(Work required)
Return all the data exactly, keeping the pictures out.
═════ Exercise material ═════
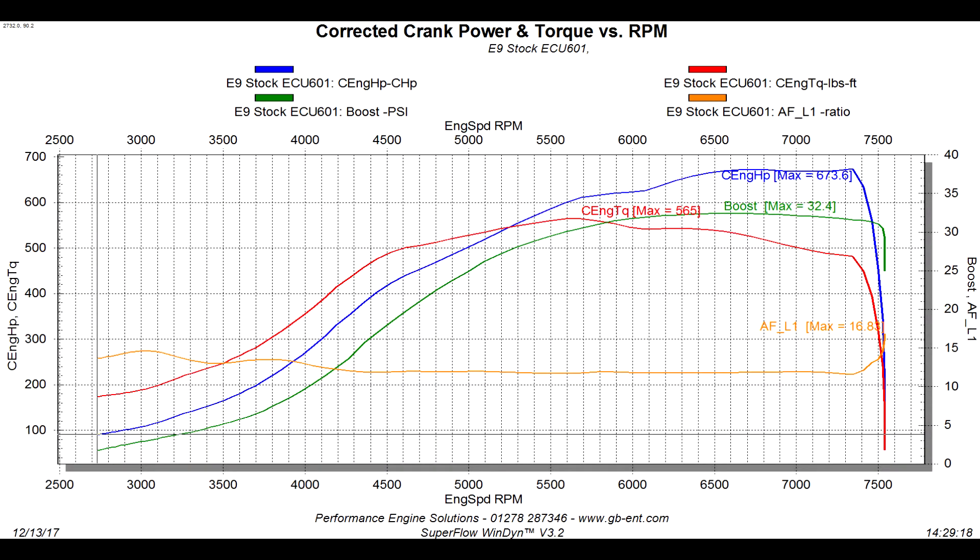We're going to take a look at the two graphs for the car and go through some of the points. The first graph on screen is the stock ECU graph — 673 horsepower, 565 pounds-feet torque. You can see the graph isn't particularly smooth, still making crazy power for a stock ECU. Look at the divots and dents in the curve, especially in the torque curve — you can see it's dropping off in places.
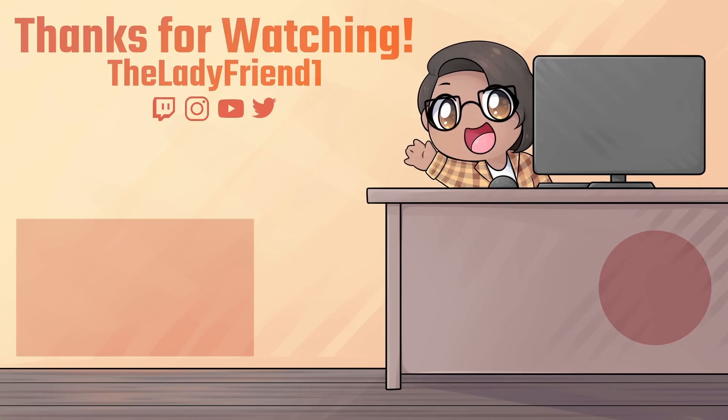Thanks so much for watching this cosplay crafting tutorial. Sorry if it was a bit of a mess. If you want to see the finished cosplay, make sure to check the links in my description. Let me know what your crafting questions are in the comments, and don't forget to subscribe so you can see what I'm crafting up next. Bye bye!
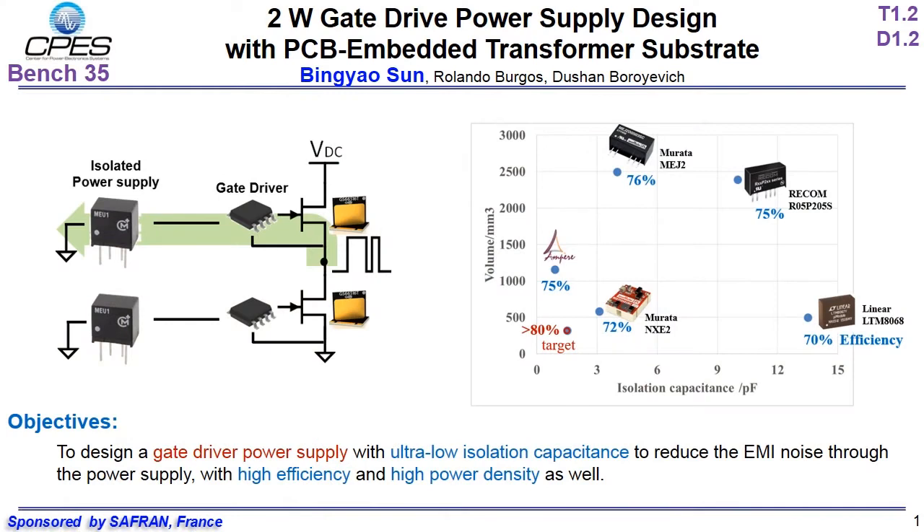The high dV/dt and high switching frequency of the wideband gap devices will increase EMI noise in the converter system. The EMI noise will flow through the high side gate driver and its isolated power supply, and it will affect the safe operation of the gate driver.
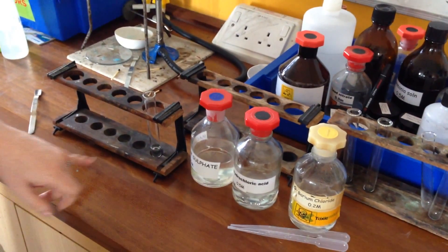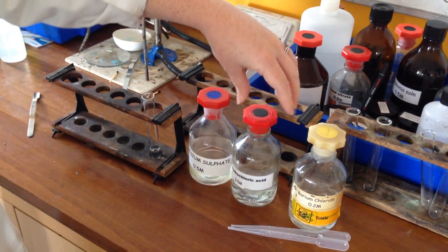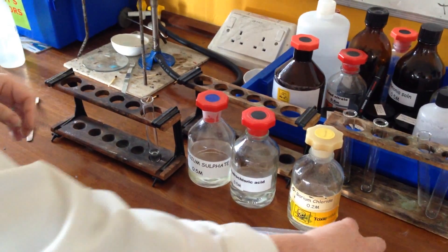This is a test for sulfate ions. In here I have some magnesium sulfate. I'm going to add in sequentially hydrochloric acid and barium chloride.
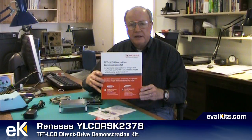Welcome. I'm John Titus here on behalf of evalkits.com. In this video session we'll take a look at this TFT LCD direct drive demonstration kit from Renesys. It's formally called the YLCDRSK2378 and you can find it on the Renesys website and also on the evalkits website under that number.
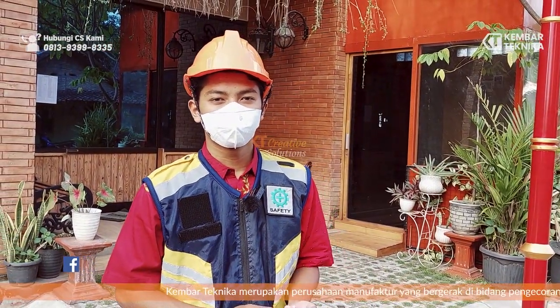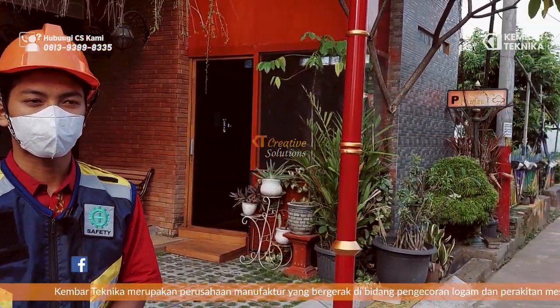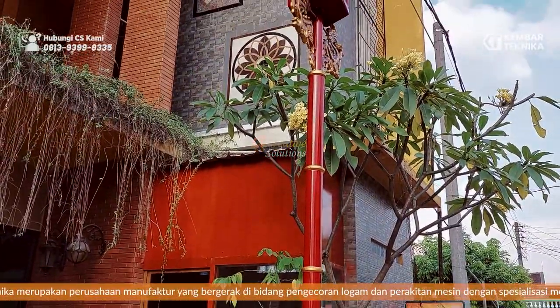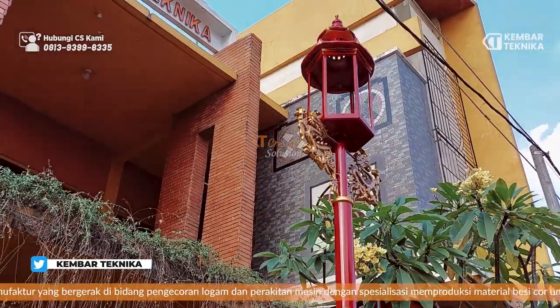Di sesi kali ini, kita akan mereview tiang lampu. Tiang lampu ini adalah tiang lampu untuk proyek pecinan, proyek Gresik, proyek kota Gresik — khusus dengan tema pecinan.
═════
(Exercise solution)
We're going to take a look at the two graphs for the car and go through some of the points. The first graph on screen is the stock ECU graph — 673 horsepower, 565 pounds-feet torque. You can see the graph isn't particularly smooth, still making crazy power for a stock ECU. Look at the divots and dents in the curve, especially in the torque curve — you can see it's dropping off in places.
Thanks so much for watching this cosplay crafting tutorial. Sorry if it was a bit of a mess. If you want to see the finished cosplay, make sure to check the links in my description. Let me know what your crafting questions are in the comments, and don't forget to subscribe so you can see what I'm crafting up next. Bye bye!
The high dV/dt and high switching frequency of the wideband gap devices will increase EMI noise in the converter system. The EMI noise will flow through the high side gate driver and its isolated power supply, and it will affect the safe operation of the gate driver.
This is a test for sulfate ions. In here I have some magnesium sulfate. I'm going to add in sequentially hydrochloric acid and barium chloride.
Welcome. I'm John Titus here on behalf of evalkits.com. In this video session we'll take a look at this TFT LCD direct drive demonstration kit from Renesys. It's formally called the YLCDRSK2378 and you can find it on the Renesys website and also on the evalkits website under that number.
Di sesi kali ini, kita akan mereview tiang lampu. Tiang lampu ini adalah tiang lampu untuk proyek pecinan, proyek Gresik, proyek kota Gresik — khusus dengan tema pecinan.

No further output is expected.